The Arreat Summit was an official Diablo II website where you could look up game mechanics in unprecedented detail. Official game websites in 2000 would have a screenshot or two, some marketing copy, and maybe a link to a fansite where the real information was if you were lucky. Allocating a website maintainer to publicly document the game’s inner workings was another thing Diablo II did far ahead of its time. Another was the free included netplay service battle.net.
I did not play Diablo II in 2000. Its system requirements included a ridiculous 32MiB of RAM. When they ran an open-to-everyone load test, I gave it a shot with my 16MiB of RAM and was treated to a slideshow. I could only look on in envy, only sneaking in a few hours on a friend’s gaming rig in 2001. I eventually learned how to physically jam some RAM I ordered straight from the manufacturer into my computer’s innards by 2002 and was able to enjoy it.

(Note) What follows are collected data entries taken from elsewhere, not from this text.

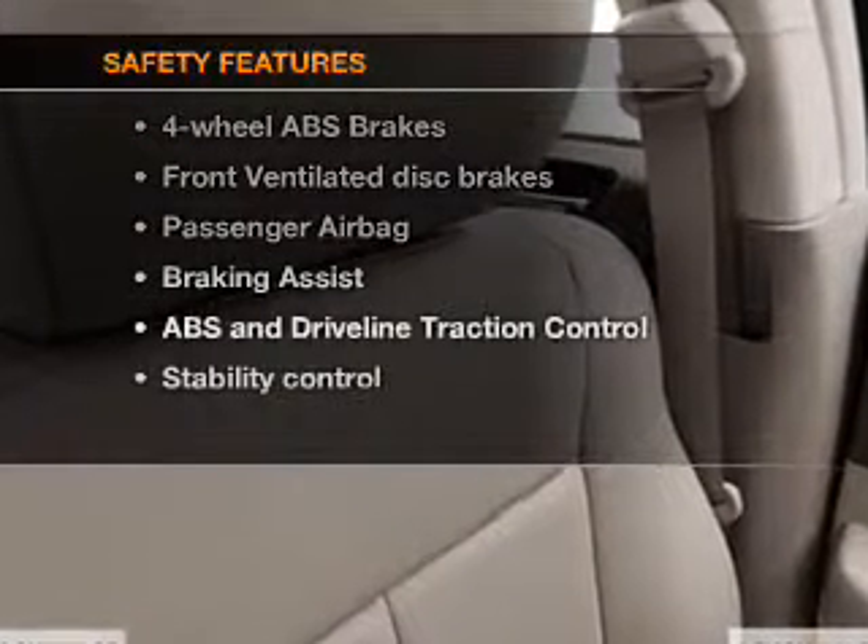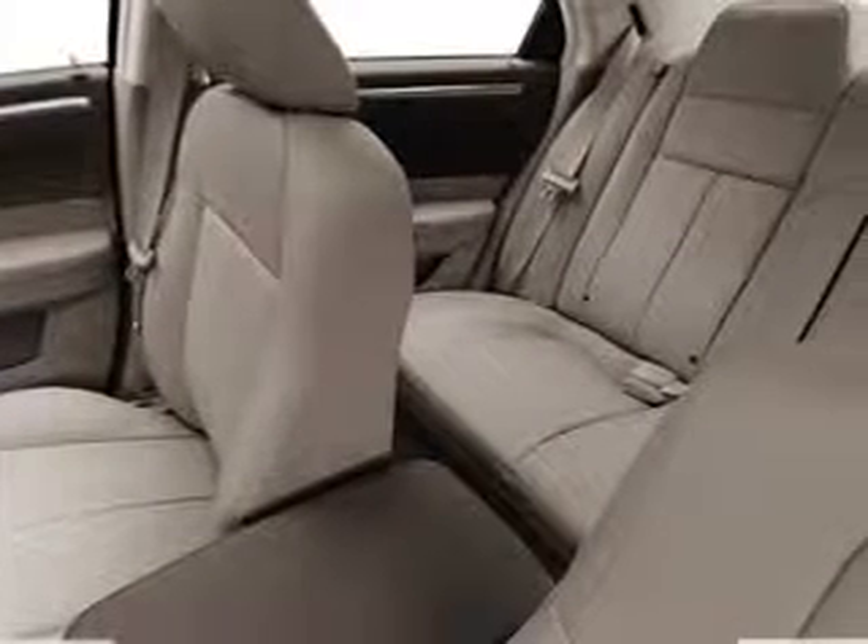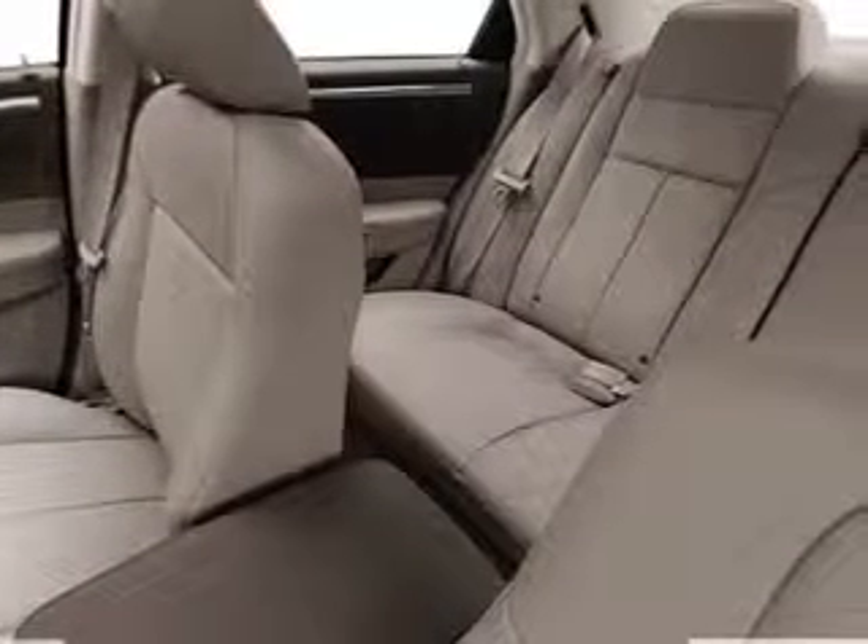And for your peace of mind, the following safety equipment is included: front ventilated disc brakes, passenger airbag, traction control, stability control, low tire pressure warning, and independent suspension.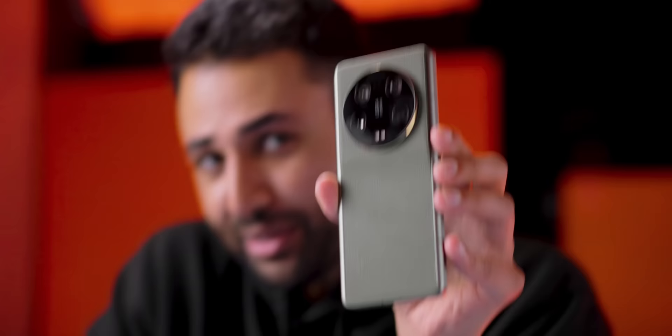This is the Xiaomi 13 Ultra. It has the most sophisticated, most ludicrously specced out camera system on any phone ever. So I thought, does it beat the most popular flagship phone on the planet? The iPhone.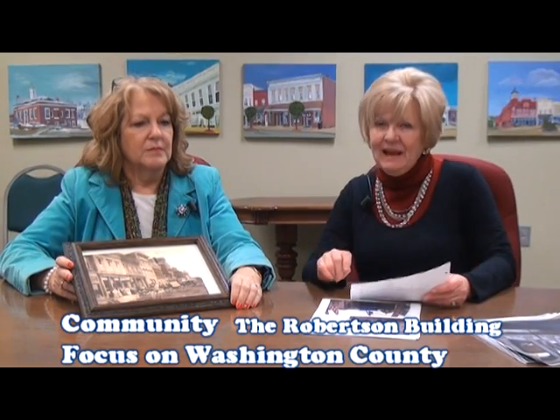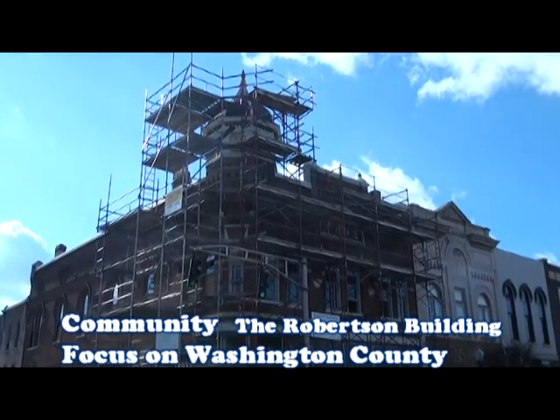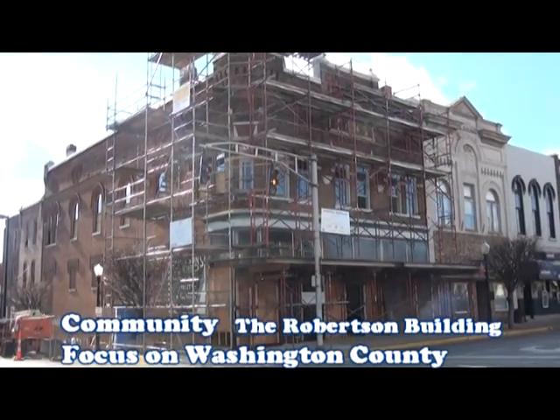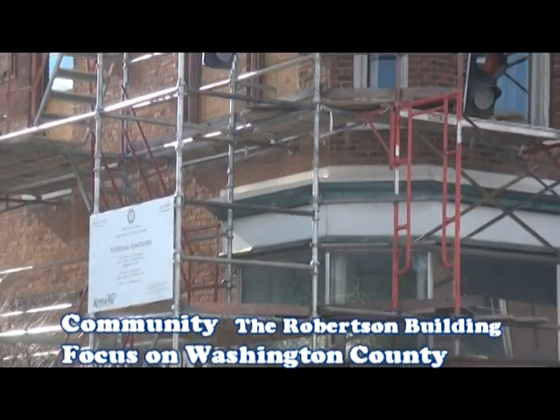AU Associates will convert the building into seven very nice apartments while keeping about 800 square feet of the first floor as retail. The Robertson Building was one of Springfield's old general stores — when it opened in 1896, you could buy anything there that you could buy at the Mall of Louisville. Generations of people in Springfield and Washington County shopped there and bought all kinds of products.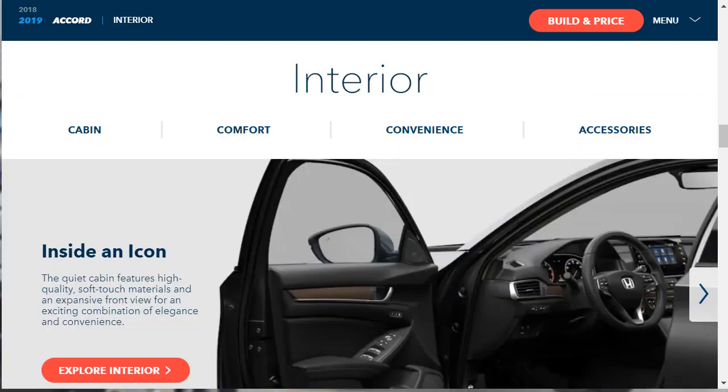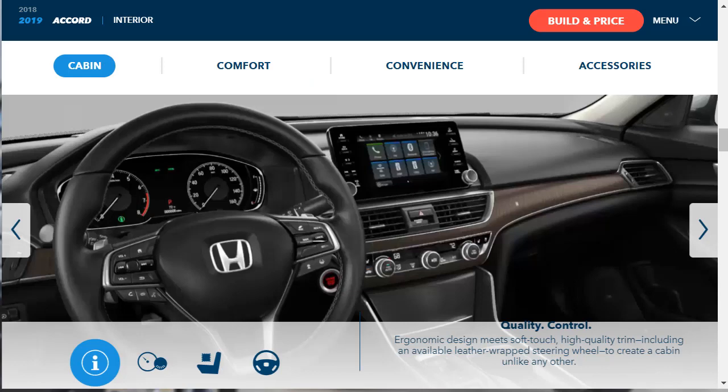Now let's move on to interior features — the cabin, comfort, convenience, and accessories. The quiet cabin features high-quality soft touch materials and an expansive front view, described as an exciting combination of elegance and convenience. They're talking about the ergonomic design, soft touch materials, quality trim, and the available leather-wrapped steering wheel.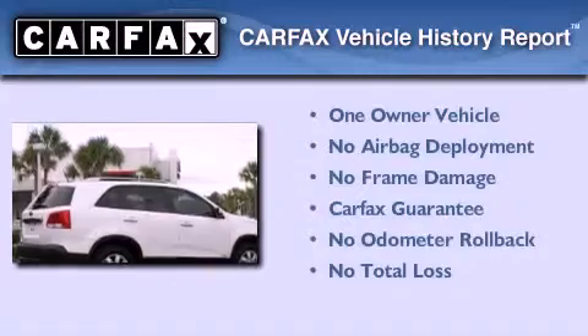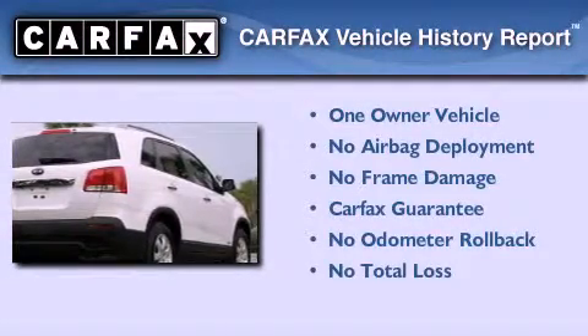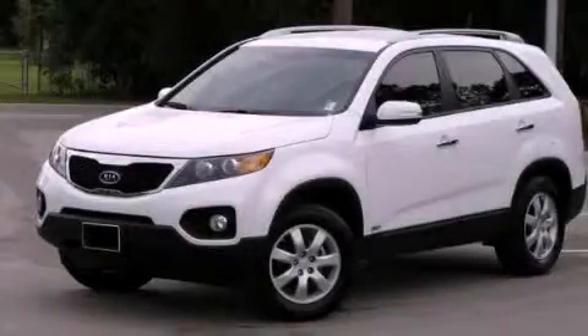This Kia has had only one owner, and it qualifies for the Carfax buy-back guarantee. Contact us today to schedule your opportunity to see this automobile in person.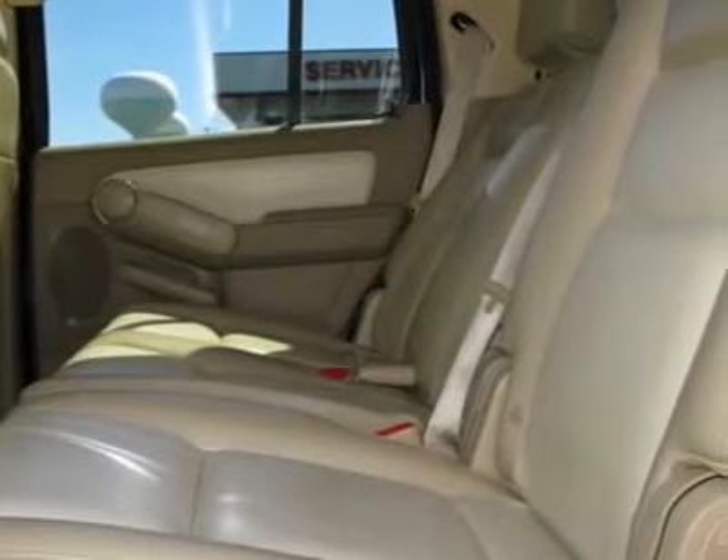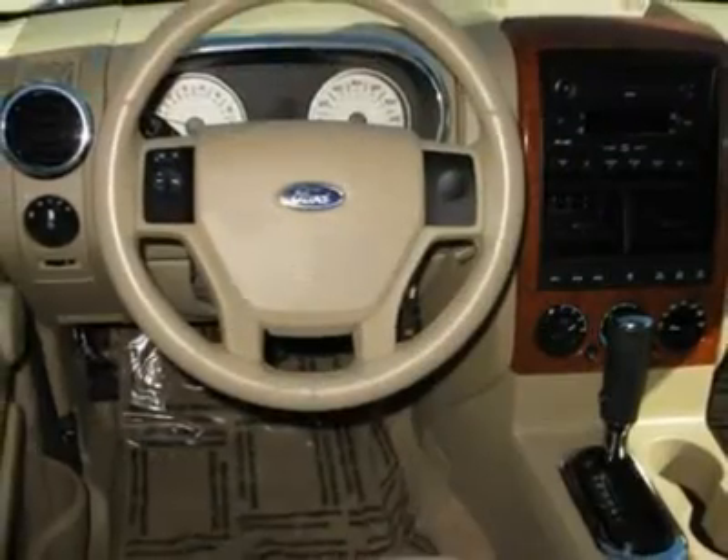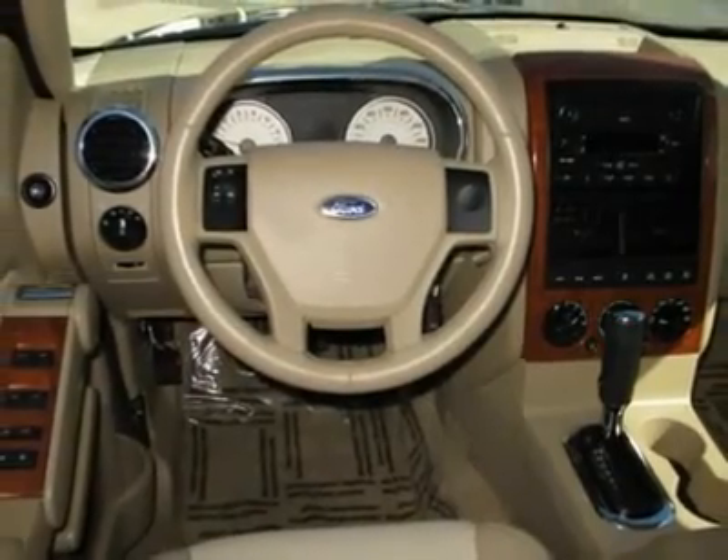Power driver seat, leather seats, bucket seats, driver lumbar, passenger lumbar. This beauty will even make your house keys jealous. Drive it today.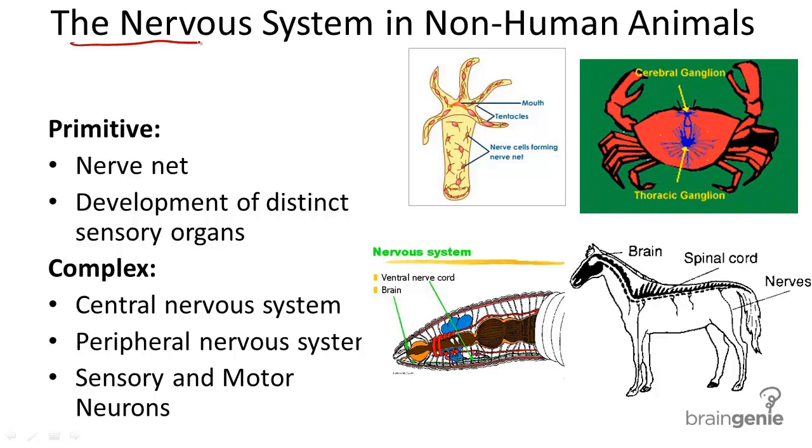In this video, we're going to compare the nervous systems in non-human animals. First, what's the nervous system? The nervous system serves as the body's sensory input and information center, responding to stimuli in the environment, receiving the input, and then acting accordingly.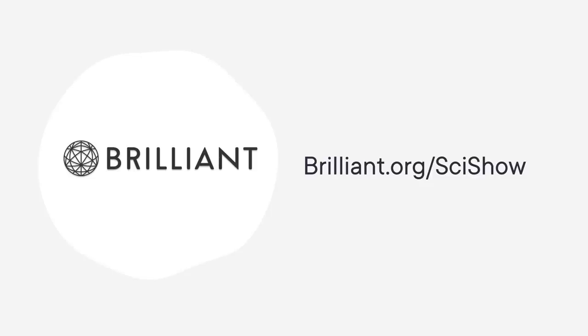Thanks to Brilliant for supporting this SciShow video! As a SciShow viewer, you can keep building your STEM skills with a 30-day free trial and 20% off an annual premium subscription at Brilliant.org slash SciShow.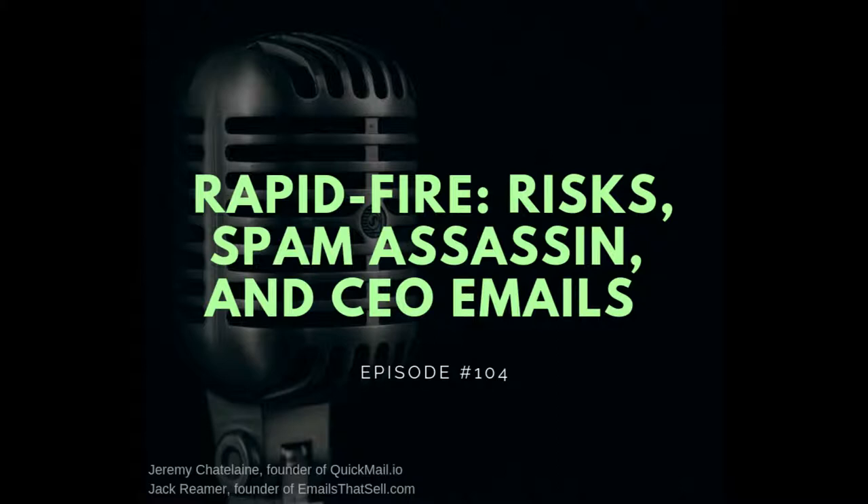Hey, what's up everyone! This is Jeremy, founder of quickmail.io, and this is Jack from emailsthatsell.com. Before we jump into the rapid fire, I want to tell you something pretty important. Jack and I received a lot of questions and know that there are a lot of problems around deliverability, so we wondered what we could be doing about it.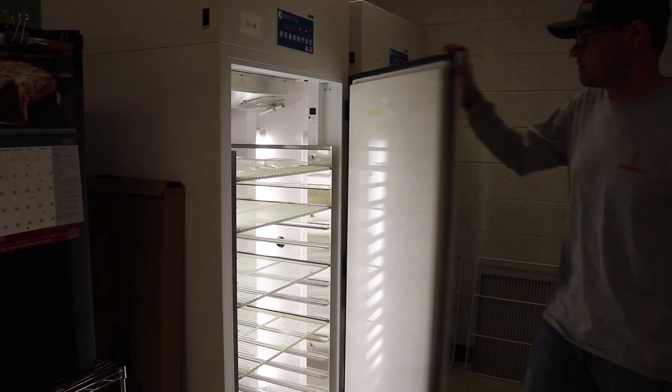We also do seed identification if someone brings in something and says, 'Can you tell me what this is?' We can do a tetrazolium test, which is a viability test. We can do a vigor test where we stress the seed to see how it performs, and we can also do seed count if somebody wants to know how many seeds per pound they have.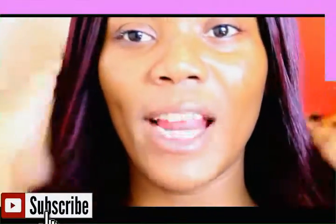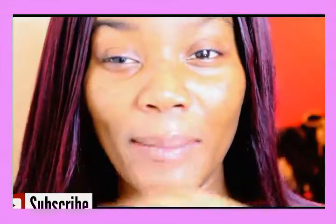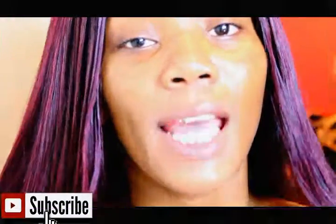Hey guys, welcome back to my channel. My name is Simone. If you haven't subscribed already, make sure you do that before you leave. Today's video is a skincare routine — I just want to show you the products I'm using right now. I'm not wearing makeup like foundation and stuff because my skin is kind of breaking out, and it may be due to my pregnancy, but it's just bothering me.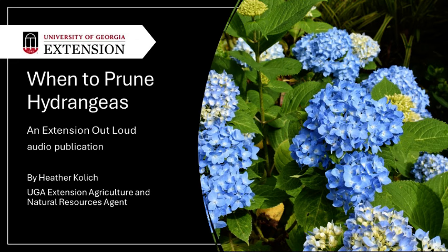Welcome to Extension Out Loud audio publications. You are listening to Identify Hydrangeas to Know When to Prune, written and read by University of Georgia Extension Agriculture and Natural Resources Agent Heather Kolich, first published on June 7, 2024, on the UGA Extension Forsyth County blog.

It would be negligent to discuss 2000 in video games without at least mentioning The Sims. The Sims was by far the most well-known game released that year, especially popular among people who didn’t play video games. Starting with SimCity (1989), Maxis set out to make games out of simulating everything from a single building in SimTower (1994) to the entire planet in SimEarth (1990). They’d known for years that simulated people would be the most difficult and rewarding game to get right. They managed to knock it out of the park, with innovations like the needs bars and mood framework that changed the way people thought. They even managed to include same-sex relationships, despite an unfriendly media climate.